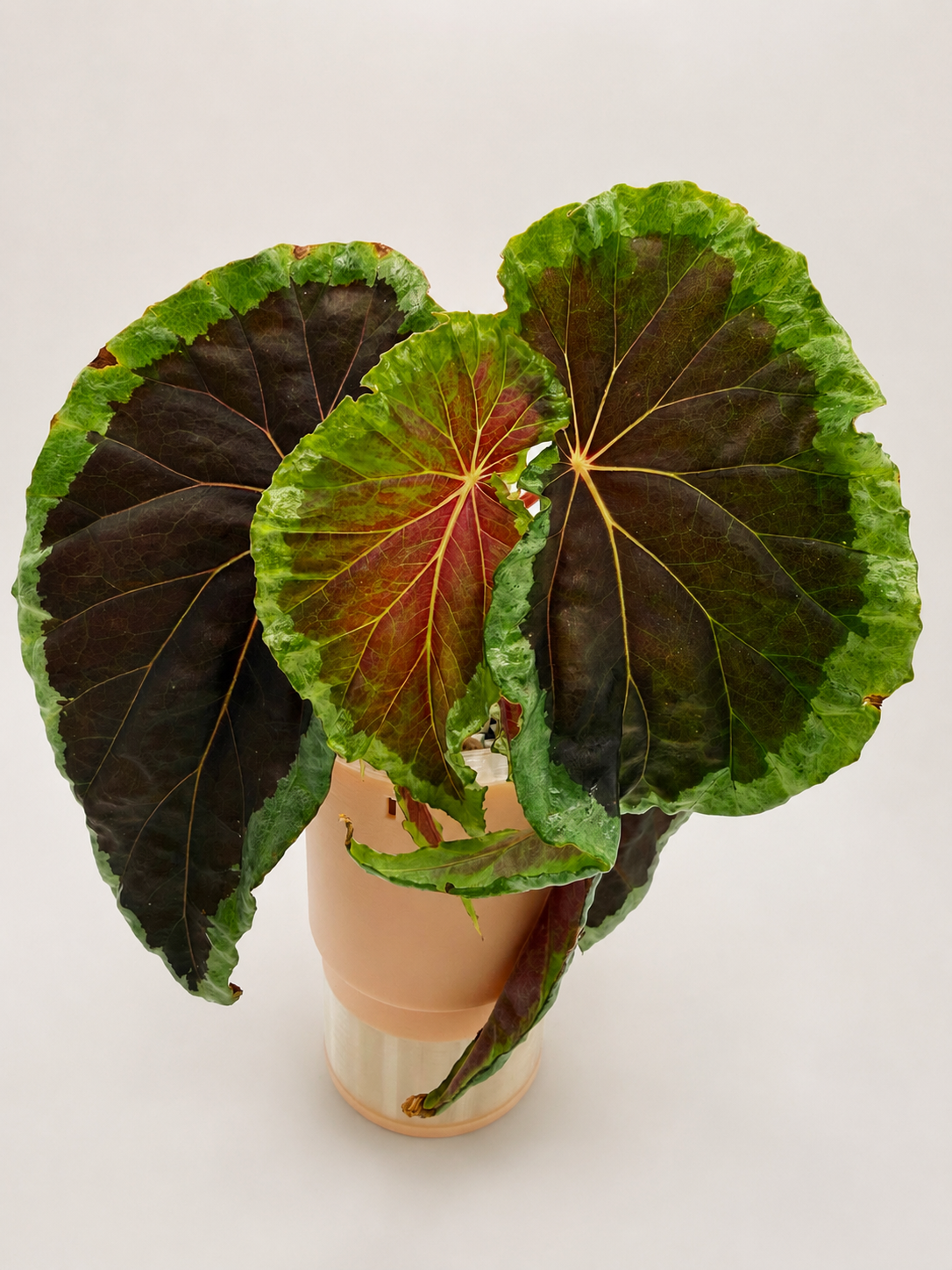 Begonia Baramensis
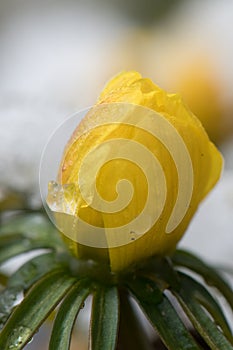 Winter aconite Eranthis hyemalis, yellow flower in the snow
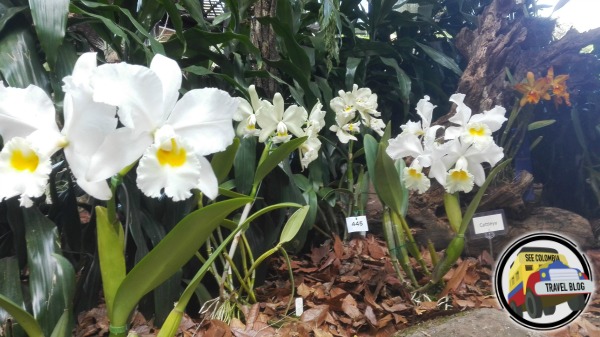 feria de flores 2016 medellin orquideas pajaros y flores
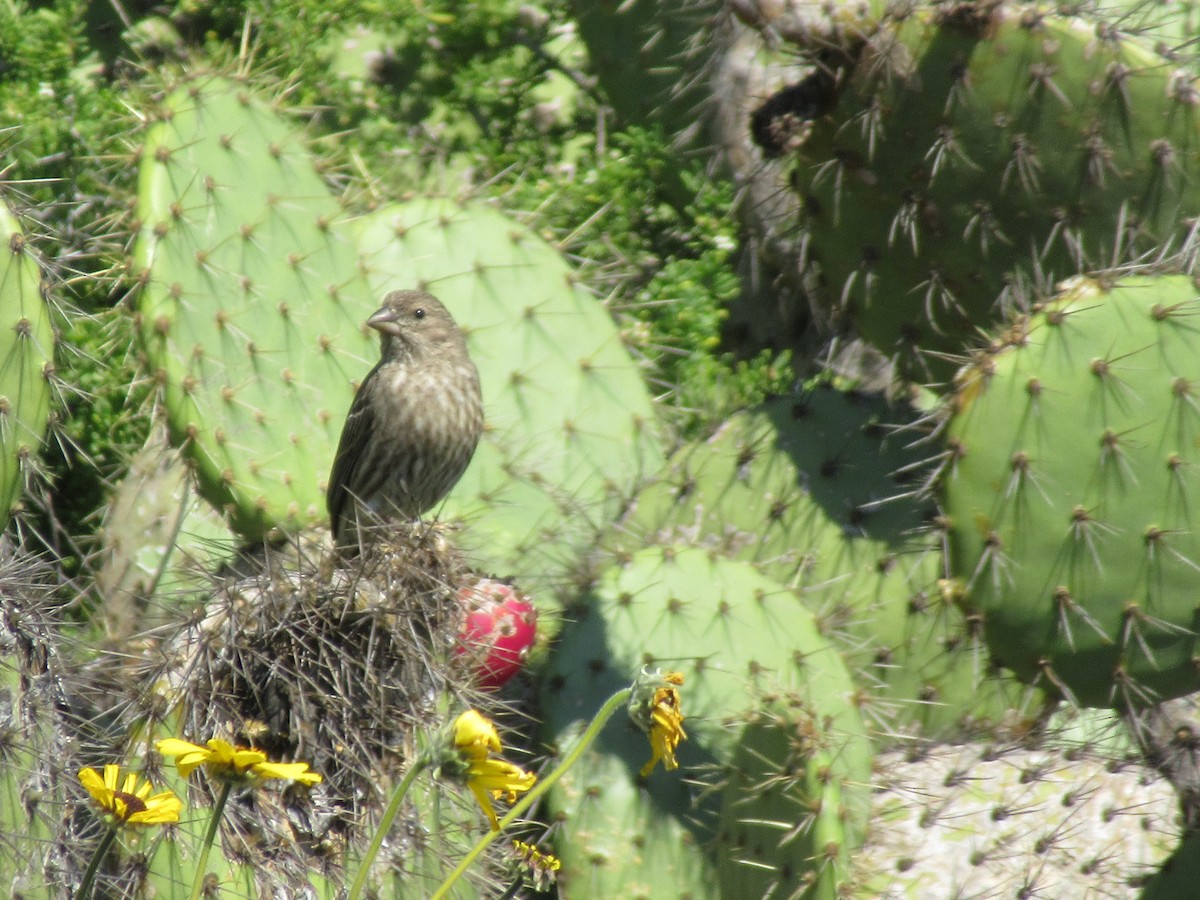 House Finch - ML142475161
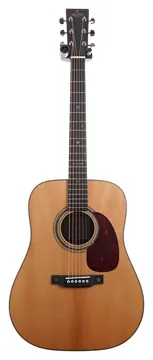 Sigma DT-1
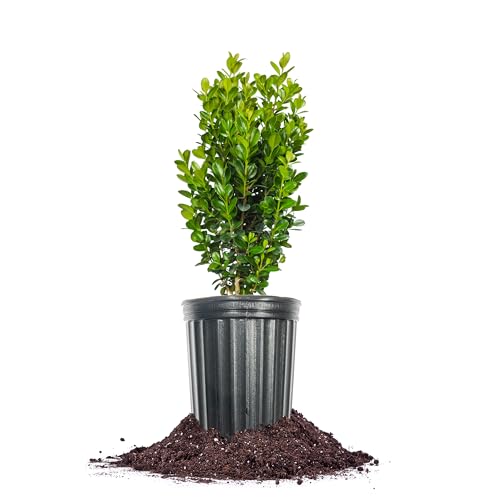 Sprinter Boxwood 1 Gallon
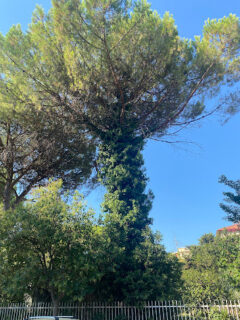 Alberi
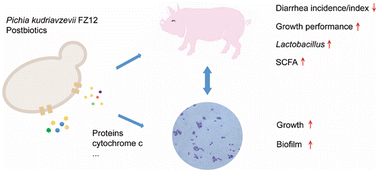 Graphical abstract: Postbiotics from Pichia kudriavzevii promote intestinal health performance through regulation of Limosilactobacillus reuteri in weaned piglets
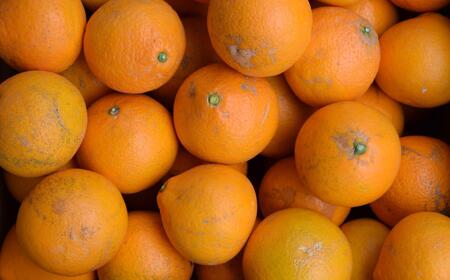 ［濃厚］有田産清見オレンジ約5kg（サイズおまかせ・ご家庭用）★2026年2月下旬頃より順次発送［TM151］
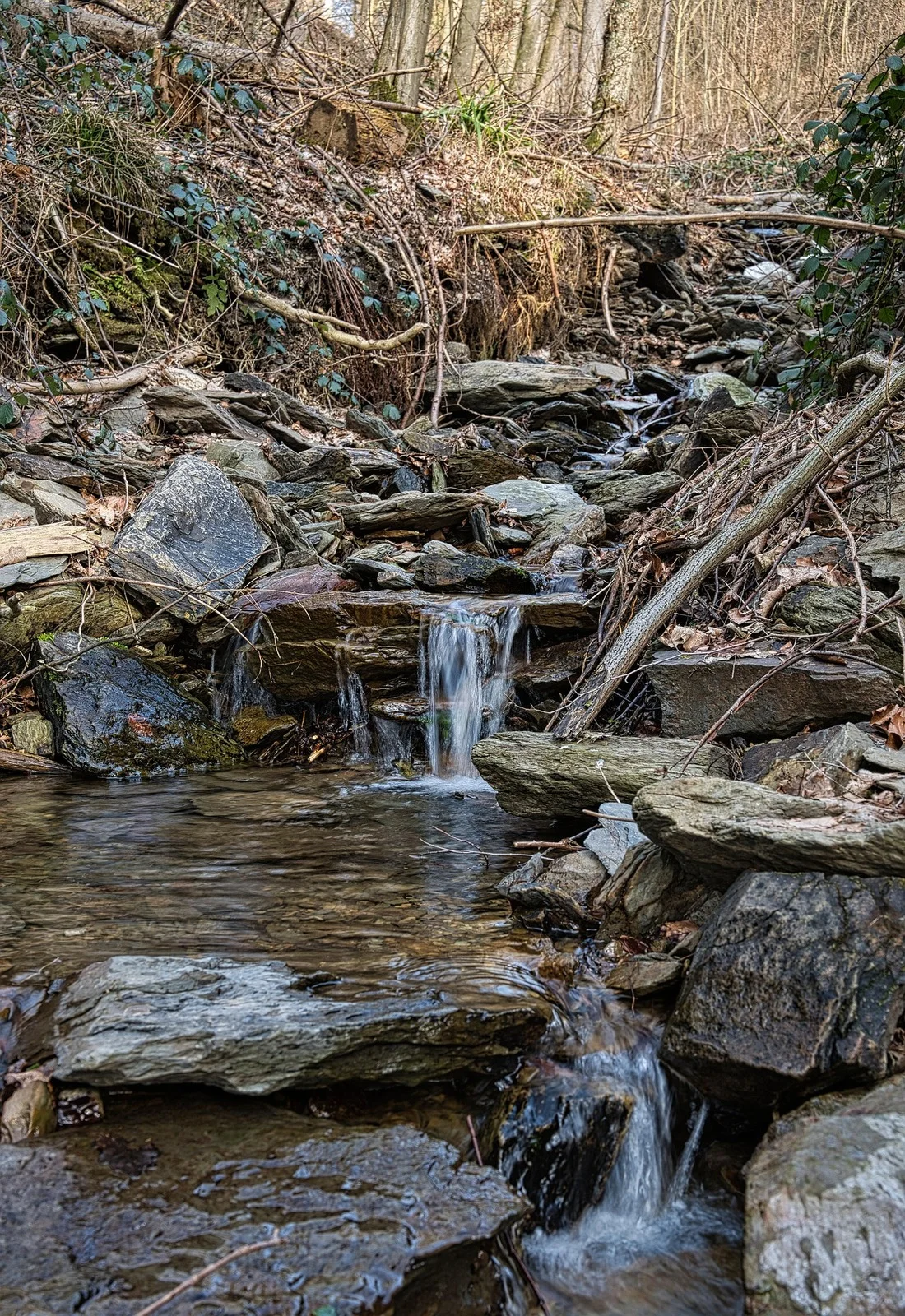 Trinkwasserquelle Bach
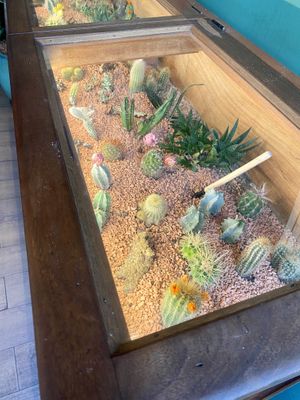 Decoration   at Orteá - Vegan Collective in Lisbon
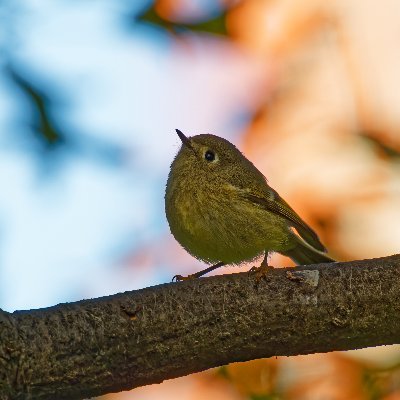 Second year birder in Westchester County, NY. @lirg23 on Instagram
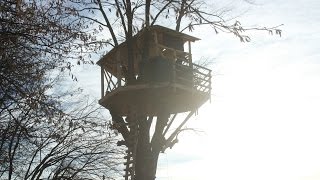 Building an Amazing Treehouse [upl. by Ardek]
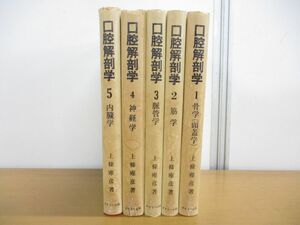 ▲01)【同梱不可】図説 口腔解剖学 全5巻揃セット/神経学/脈管学/筋学/内臓学/骨学(頭蓋学)/上條雍彦/アナトーム社/A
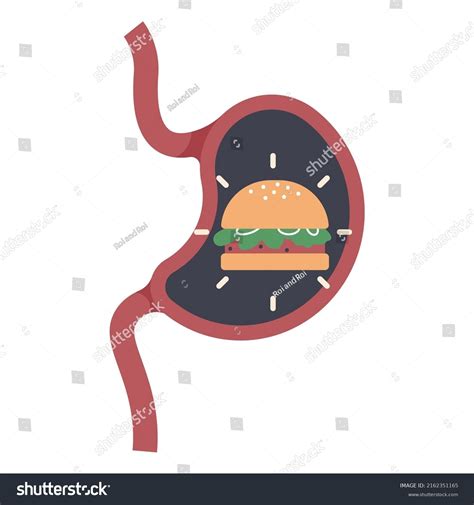 Heaviness Stomach Overeating Vector Cartoon Illustration 库存矢量图（免版税 ...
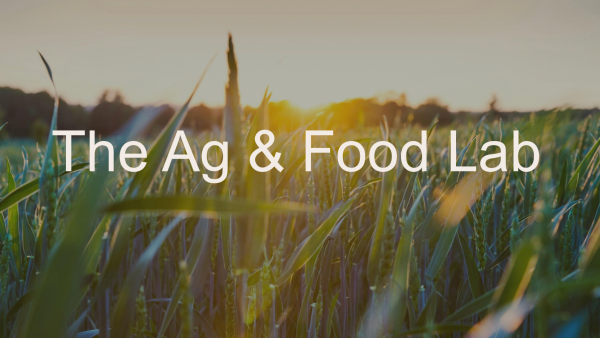 Sunlit field of green crops at golden hour with text “The Ag & Food Lab” overlayed.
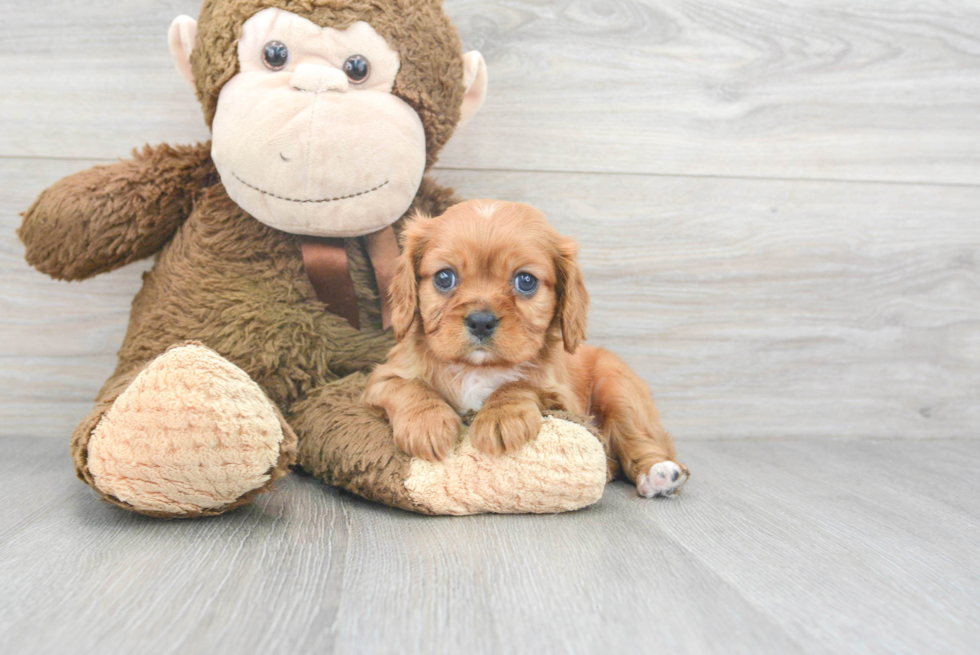 Small Cavalier King Charles Spaniel Purebred Pup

Aim of the task: Exact repetition of all the records is required, with the pictures excluded.

Solution to this problem:
 Begonia Baramensis
 Winter aconite Eranthis hyemalis, yellow flower in the snow
 feria de flores 2016 medellin orquideas pajaros y flores
 House Finch - ML142475161
 Sigma DT-1
 Sprinter Boxwood 1 Gallon
 Alberi
 Graphical abstract: Postbiotics from Pichia kudriavzevii promote intestinal health performance through regulation of Limosilactobacillus reuteri in weaned piglets
 ［濃厚］有田産清見オレンジ約5kg（サイズおまかせ・ご家庭用）★2026年2月下旬頃より順次発送［TM151］
 Trinkwasserquelle Bach
 Decoration   at Orteá - Vegan Collective in Lisbon
 Second year birder in Westchester County, NY. @lirg23 on Instagram
 Building an Amazing Treehouse [upl. by Ardek]
 ▲01)【同梱不可】図説 口腔解剖学 全5巻揃セット/神経学/脈管学/筋学/内臓学/骨学(頭蓋学)/上條雍彦/アナトーム社/A
 Heaviness Stomach Overeating Vector Cartoon Illustration 库存矢量图（免版税 ...
 Sunlit field of green crops at golden hour with text “The Ag & Food Lab” overlayed.
 Small Cavalier King Charles Spaniel Purebred Pup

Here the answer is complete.